*Task statement*
Print exactly the lines below between the line holding "Bright modern kitchen" and the line holding "Televízia a/alebo spoločenská", inclusive, and nothing more.

*Extracted information*
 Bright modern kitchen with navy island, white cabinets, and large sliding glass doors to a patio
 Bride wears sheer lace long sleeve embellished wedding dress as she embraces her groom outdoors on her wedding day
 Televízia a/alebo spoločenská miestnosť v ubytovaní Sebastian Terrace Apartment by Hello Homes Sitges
==
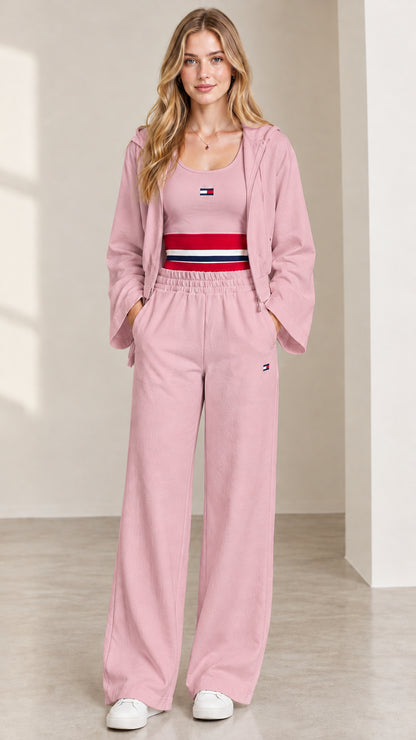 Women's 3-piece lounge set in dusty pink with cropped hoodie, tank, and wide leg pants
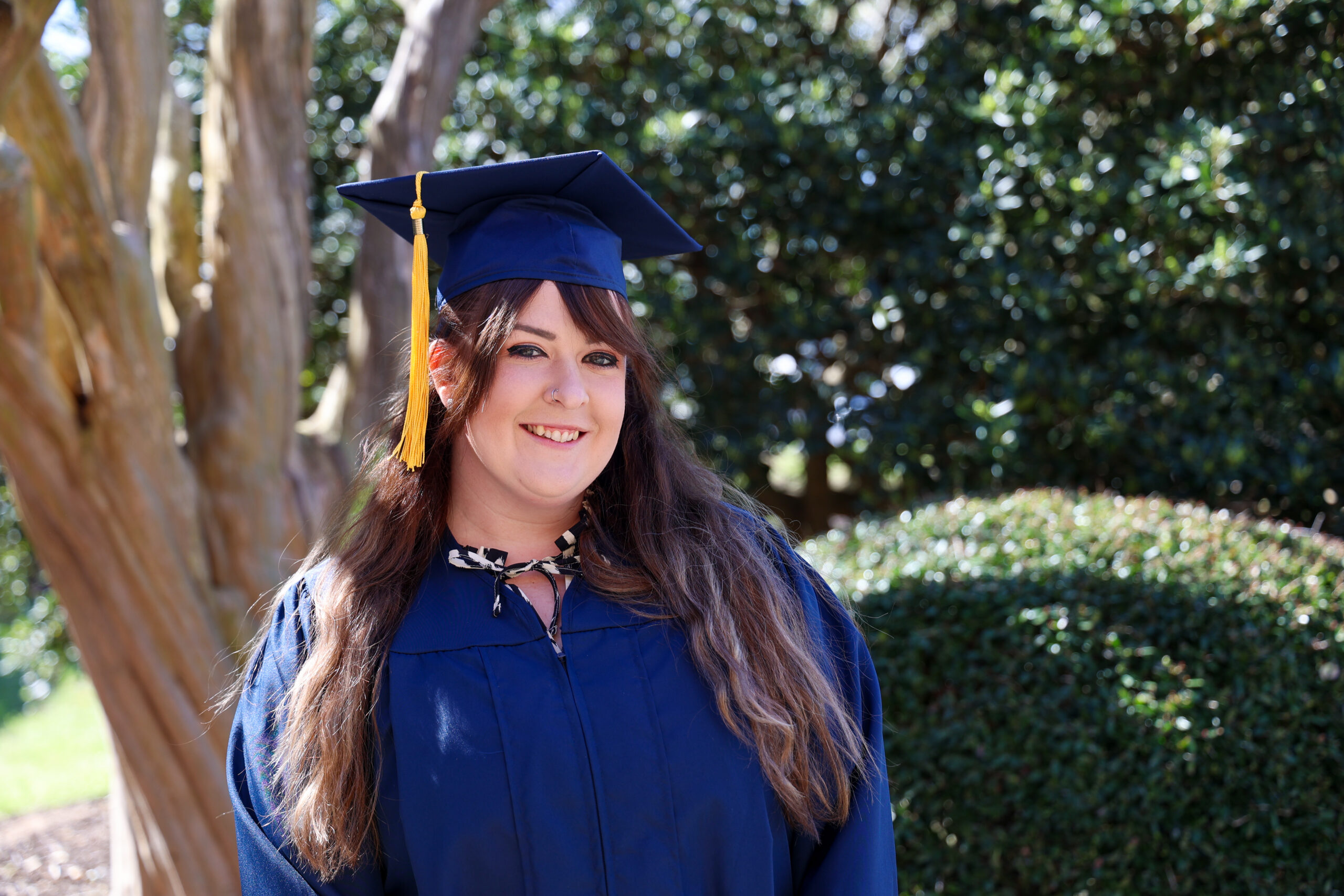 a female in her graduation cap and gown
* * *
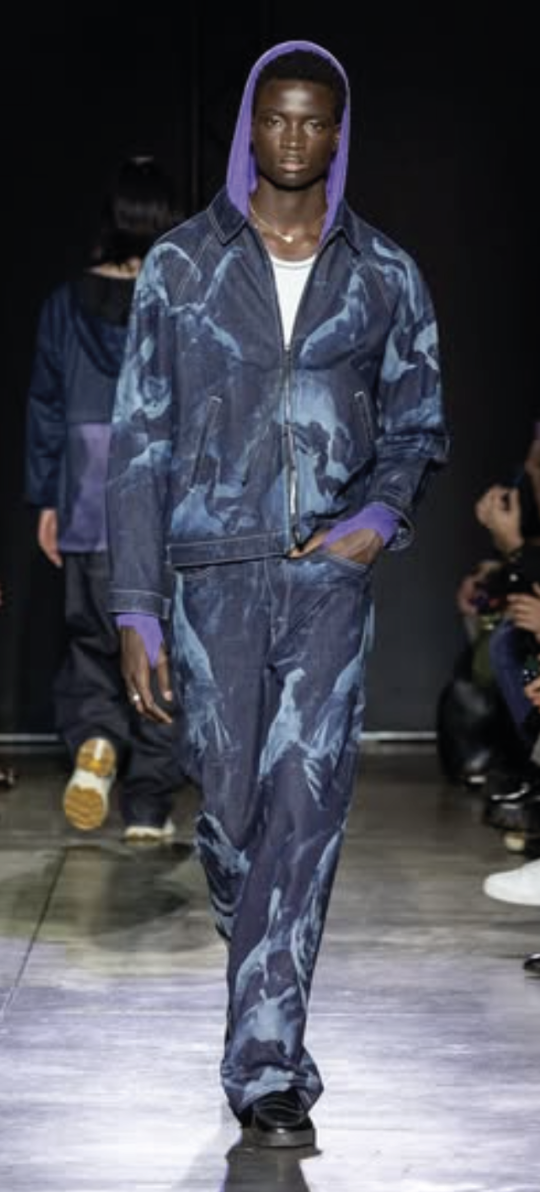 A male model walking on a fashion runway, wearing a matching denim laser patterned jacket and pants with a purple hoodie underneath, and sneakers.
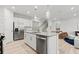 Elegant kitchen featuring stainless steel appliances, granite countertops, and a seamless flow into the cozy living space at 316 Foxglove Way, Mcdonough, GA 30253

*Written reply*
 Bright modern kitchen with navy island, white cabinets, and large sliding glass doors to a patio
 Bride wears sheer lace long sleeve embellished wedding dress as she embraces her groom outdoors on her wedding day
 Televízia a/alebo spoločenská miestnosť v ubytovaní Sebastian Terrace Apartment by Hello Homes Sitges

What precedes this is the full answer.